Let’s start this article by defining what a highlight tape is:  It is an edited video that shows a player making plays.  Think of it as an on court, resume.  That sounds easy enough.  But the key is to make one that will actually get a coach’s attention and then wanting to learn more about you.  How do you do that?  This article will explain what you need to include, and exclude, in your highlight tape.

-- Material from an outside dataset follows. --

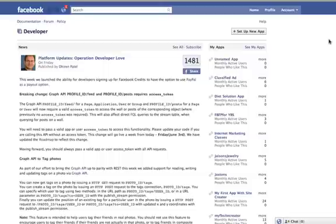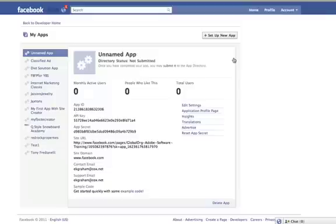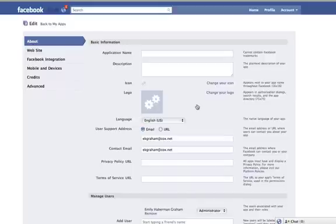The first possible issue is in your developers section. So if you go to facebook.com/developers, click on your application name, which will take you to this screen, and then click on edit settings. Once here, you want to click on Facebook integration.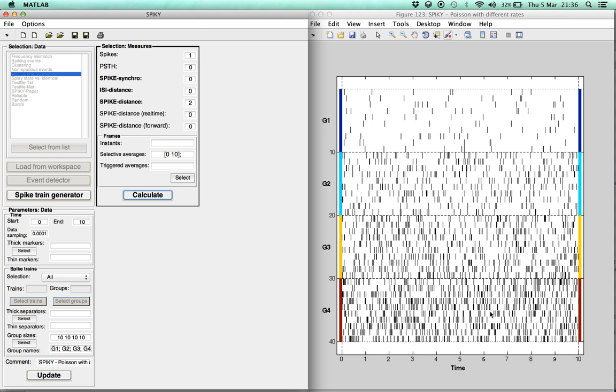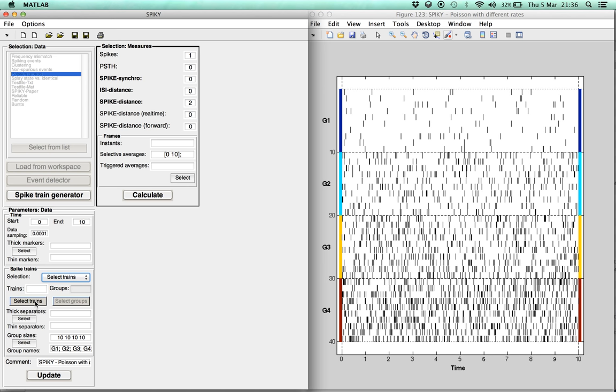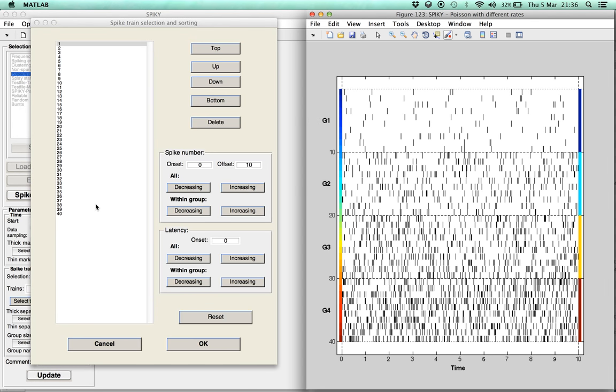In order to sort the spike trains, we switch the spike train selection from All to Select Trains, and then press the Select Trains button. This opens the spike train selection and sorting window.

Every day college coaches, prep school coaches, and I have players send us their highlights.   This has been especially vital during Covid since coaches could not get out as much.  Players post them to their social media accounts and some videos have very high production.  But it is the quality of the highlights that can make or break you getting to the next level.  Here are some tips gathered from college and prep school coaches on what to include on your highlight tape:

1) BIO CARD – Put one at the beginning of the video that includes you name, height, weight, position, class year, position, GPA, contact info, and jersey number.  The last one is very important.  You would be amazed at how many highlight videos do not tell you who the highlight subject is.  Make this process as easy as possible for coaches.

2) SHOWCASE ALL OF YOUR SKILLS – The video should be between 3-5 minutes.  Put your top three highlights first.  I have watched multiple videos where a killer move or dunk was buried at the four-minute mark.  Some coaches might not make it that far.

3) GROUP YOUR SKILLS TOGETHER –  After you show your top three highlights break down the rest of the video into sections: shooting, passing, defense, post moves, etc.  If you are a big man showcase your post moves from each side of the basket using each hand.

4) HAVE GAME FOOTAGE AVAILABLE –  Anyone can make a solid looking highlight video.  I could film one now in my driveway that would make me look great.  But a coach will want to see all the moments in between which is why they will want to see game footage.  They want to see what kind of teammate you are and how you react when you commit a turnover or miss a shot.  Have a few of your best quarters or halves ready to send out to a coach.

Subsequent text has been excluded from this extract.